Part 1 Table of Contents and Rubric#

Section	Points
Math to code: difference-in-means implementation	2
Interactivity: stratified vs unstratified estimators	2
Pandas and bootstrap utilities	1
Total	5 pts

Notebook imports#

import pandas as pd
import seaborn as sns
import matplotlib.pyplot as plt
import numpy as np
import ipywidgets as widgets
from ipywidgets import interact, interact_manual, fixed, FloatSlider

1. Difference-in-means#

We begin by simulating a randomized experiment, where there are the following variables:

\(T\): the binary intervention of interest
\(Y\): the outcome of interest
\(X\): a binary variable that affects the outcome of interest, which we will refer to as a covariate

We provide the following code for simulating a random experiment with a binary treatment \(T\) and binary covariate \(X\):

rng = np.random.default_rng(seed=42)

def sim_random_exp(n_samples=1000, treatment_effect=1.0, covariate_effect=3.0):
    """
    Simulate a random experiment with a binary treatment and covariate.

    Args:
        n_samples (int): the number of samples to simulate
        treatment_effect (float): the magnitude of the effect of the treatment on the outcome
        covariate_effect (float): the magnitude of the effect of the covariate on the outcome

    Returns:
        Y (np.ndarray): the observed outcome
        T (np.ndarray): the binary treatment assignment
        X (np.ndarray): the binary covariate
    """
    # Generate potential outcomes
    Y0 = rng.normal(size=n_samples)
    Y1 = Y0 + treatment_effect

    # Randomly assign treatment
    T = rng.choice([0, 1], size=n_samples, )

    # Create a binary covariate that affects the outcome
    X = rng.choice([0, 1], size=n_samples)

    # Generate the observed outcome
    Y = np.where(T == 1, Y1, Y0) + covariate_effect*X

    return Y, T, X

Note

The parameter covariate_effect is the magnitude of the effect of the covariate on the outcome – the larger the value, the stronger the effect of the covariate on the outcome.

Under a randomized experiment study design, we are able to identify the average treatment effect (\(ATE\)):

\[ ATE = E[Y(1) - Y(0)] \; \xrightarrow[]{\text{Identification}} \; E[Y | T = 1] - E[Y | T = 0] \]

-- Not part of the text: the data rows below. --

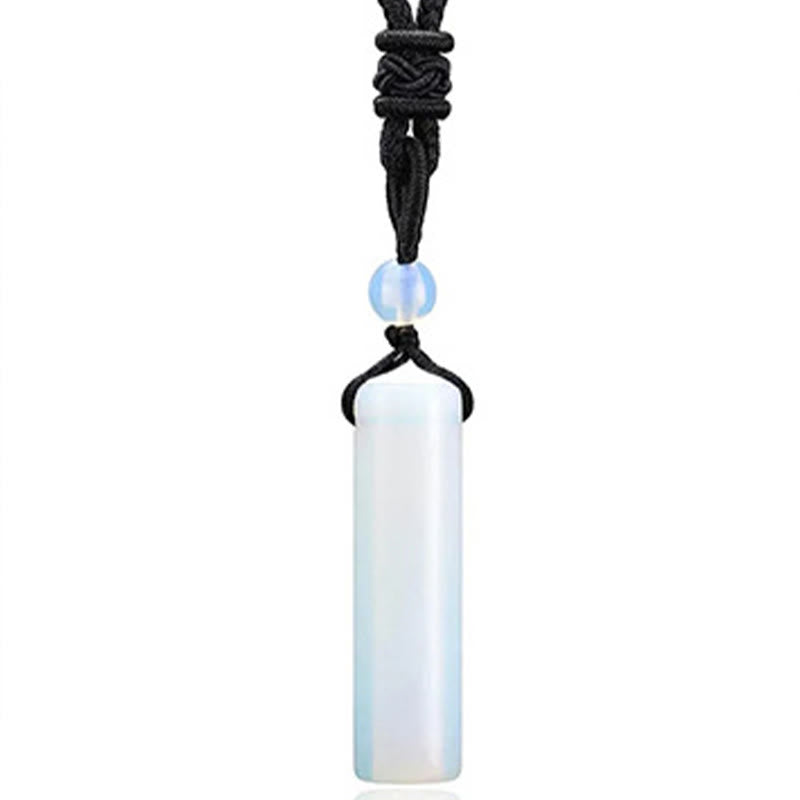 Buddha Stones Various Crystal Rose Quartz Green Aventurine Amethyst Cylinder Healing Necklace Pendant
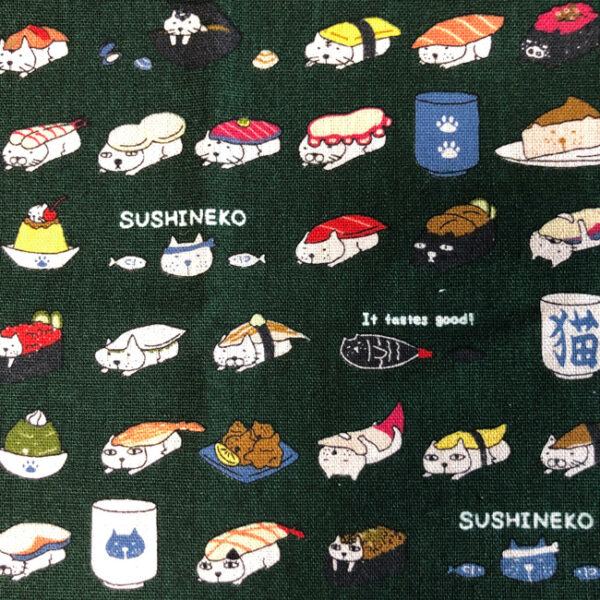 Set of 2 placemats - green sushi cat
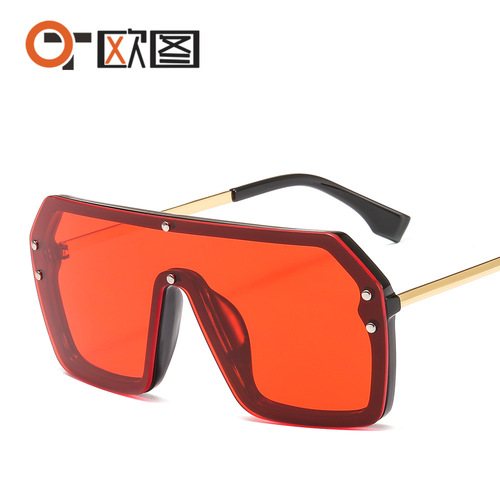 New Trend F-Letter Sunglasses with Integrated Lenses, Unisex Fashion Personalized Aviator Sunglasses, Factory Wholesale Price $6998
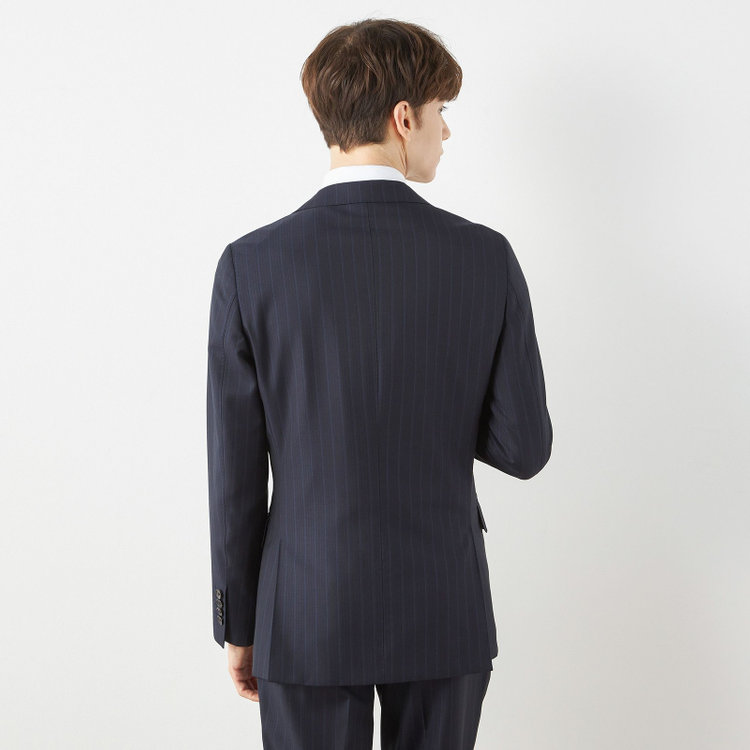 シルバーライン 【CLASSICO TAPERED】【秋冬】2釦シングルスーツ 1タック/ネイビー×ストライプ/ウエストムーブ/Ermenegildo Zegna TRAVELLER woven in italy/※裾上げ必要 紺濃色
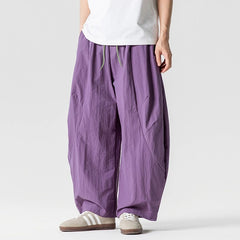 Threebooy Wide Leg Pants Men and Women summer Light Thin Solid Straight Casual trousers Elastic Waist Harun Pant Loose Oversize Streetwear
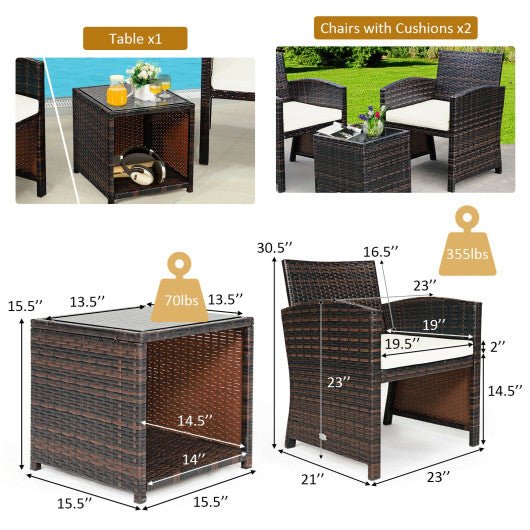  - 3 Pieces PE Rattan Wicker Furniture Set with Cushion Sofa Coffee Table for Garden - Outdoor Style Company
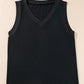 Ladies Black Ribbed V Neck Tank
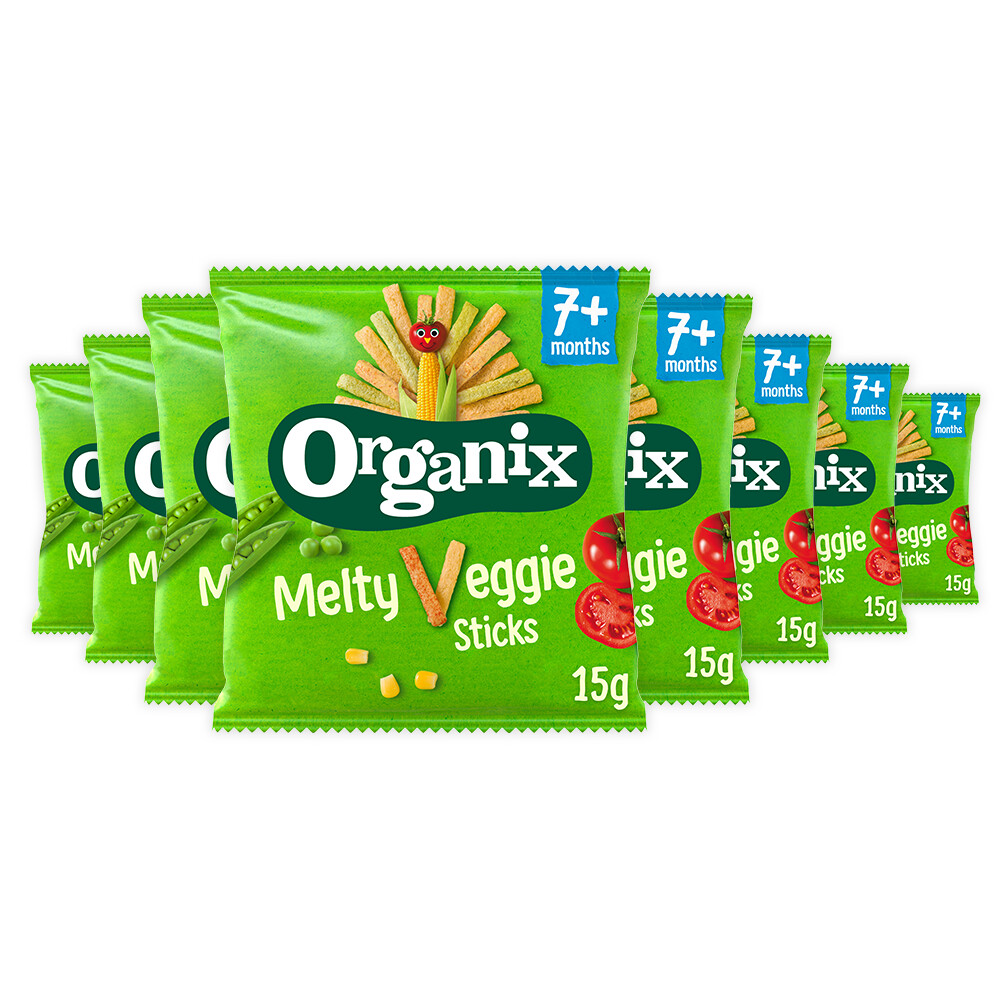 8x Organix Baby Knabbels 7+ m Groentesticks15 gr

We can then estimate the causal effect by taking the difference in means between the treated and control groups, which is known as the difference-in-means estimator:

\[\begin{split} \begin{align*} E[Y | T=1] - E[Y | T=0] \; \xrightarrow[]{\text{Estimation}} \; &\hat{E}[Y | T=1] - \hat{E}[Y | T=0] \\ = &\frac{1}{n_1} \sum_{i=1}^{n} \mathbb{I}(T_i = 1) Y_i - \frac{1}{n_0} \sum_{i=1}^{n} \mathbb{I}(T_i = 0) Y_i \end{align*} \end{split}\]

where \(n_1\) is the number of samples in the treatment group, and \(n_0\) is the number of samples in the control group. That is:

\[\begin{split} n_0 = \sum_{i=1}^{n} \mathbb{I}(T_i = 0)\\ n_1 = \sum_{i=1}^{n} \mathbb{I}(T_i = 1) \end{split}\]

1.1. Implement `diff_in_means` [0.5 pts]#

def diff_in_means(Y, T):
    """
    Computes the difference in means between the treatment and control groups.

    Args:
        Y (np.ndarray or pd.Series): the observed outcome
        T (np.ndarray or pd.Series): the binary treatment assignment

    Returns:
        float: the difference in means estimate
    """
    assert Y.shape == T.shape, "Y and T must have the same shape"
    
    # TODO your code here
    return 0

#### test diff_in_means ####
if __name__ == "__main__":
    test_Y = np.array([2, 1, 2, 1])
    test_T = np.array([1, 0, 1, 0])

    assert np.isclose(diff_in_means(test_Y, test_T), 1)
    # Feel free to add more tests

1.2. Implement `stratified_diff_in_means` [1.5 pts]#

We saw in class that if we want to include a covariate in our analysis, we can analogously compute the difference in means between the treated and control groups, but now conditioning on the covariate.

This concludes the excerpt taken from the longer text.